Essas redes de solidariedade entre os pretos e pardos nas irmandades ao longo da história colonial sustentou várias estratégias de fuga na colônia, financiamento de quilombos e alforrias de pretos escravizados. 

Sob os auspícios eclesiásticos das organizações religiosas, os grupos sociais se articulavam intensamente nos bastidores das sacristias. 

Todos os membros da mesa tinham distinção nos cultos e procissões, com uso de uma opa branca de seda, cetim ou tafetá e outros pingentes amarados com fita azul no antebraço. 
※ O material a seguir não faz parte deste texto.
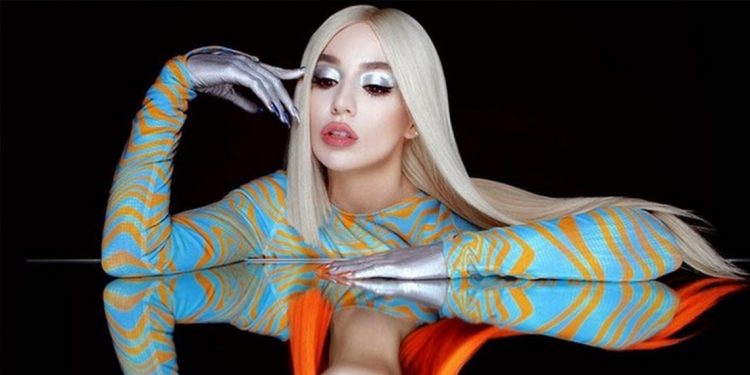 استمع لجديد AVA MAX بعنوان "My Head & My Heart" مع وارنر ميوزك 1 استمع لجديد AVA MAX بعنوان “My Head & My Heart” مع وارنر ميوزك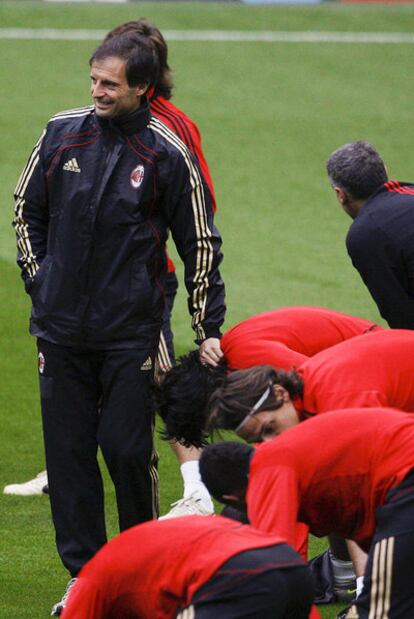 Allegri, durante el entrenamiento de ayer del Milan.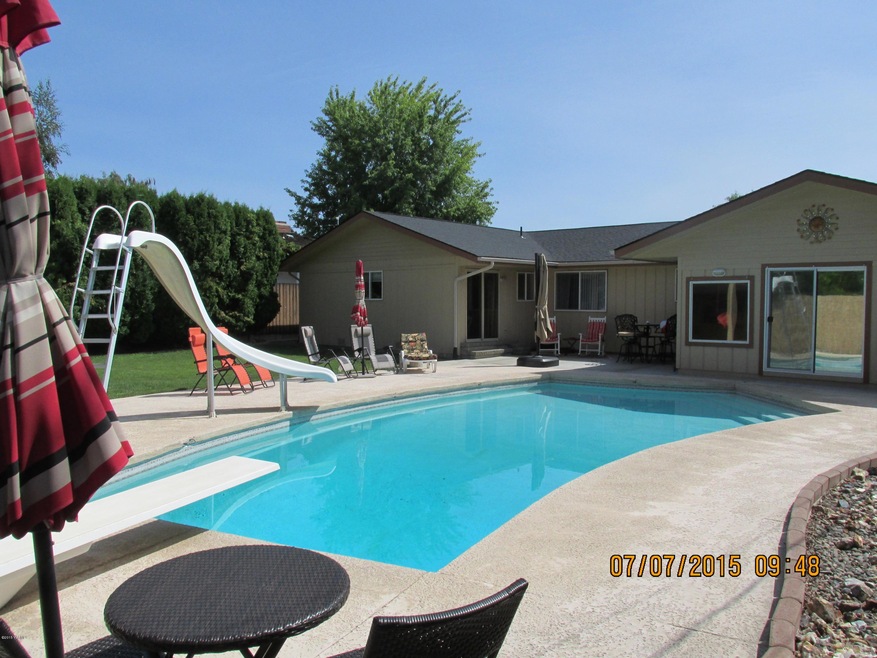 210 S 69th Ave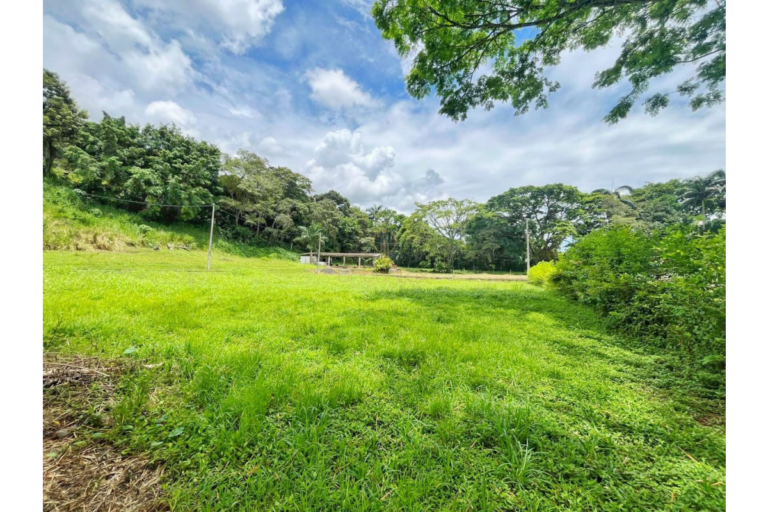 UrbanLex vende lote conjunto campestre área 712m2 $250Millones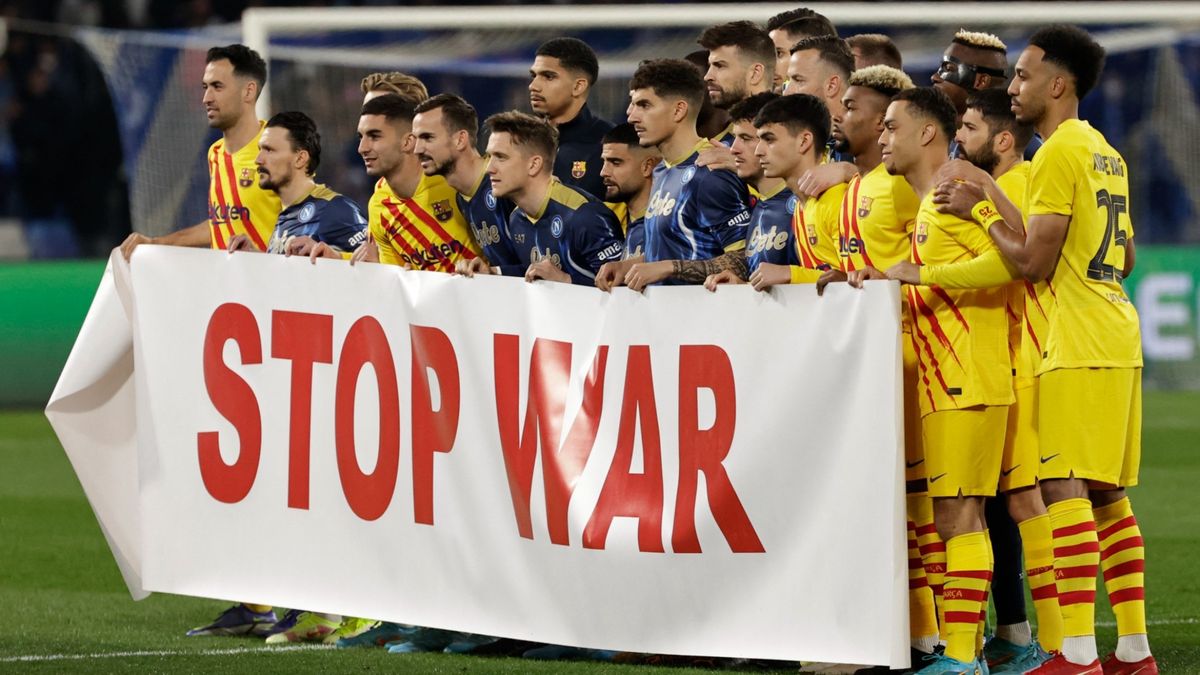 Futbolistas de FC Barcelona y Napoli se unen contra el conflicto entre Rusia y Ucrania.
O  prior, cargo máximo da irmandade e o provedor tinham nos cultos e eventos religiosos lugar destacado nos assentos, uma opa diferenciada, bordada á ouro com duas esfinges de Nossa Senhora da Boa Morte no peito, uma vara  de mão de prata da irmandade e uma fita azul no antebraço direito; O tesoureiro, por sua vez, tinha uma clave de prata amarrada com uma  fita azul no antebraço; O  secretário,  um pingente de pena de prata no mesmo local; O provedor, a letra P e o Andador que era o responsável de organizar as tochas na procissão e carregar o crucifixo, a letra A em destaque com fita azul no braço. 

Os irmãos de mesa poderiam usar apenas um laço azul amarrado no braço e os irmãos da esmola não possuíam diferenciação alguma. 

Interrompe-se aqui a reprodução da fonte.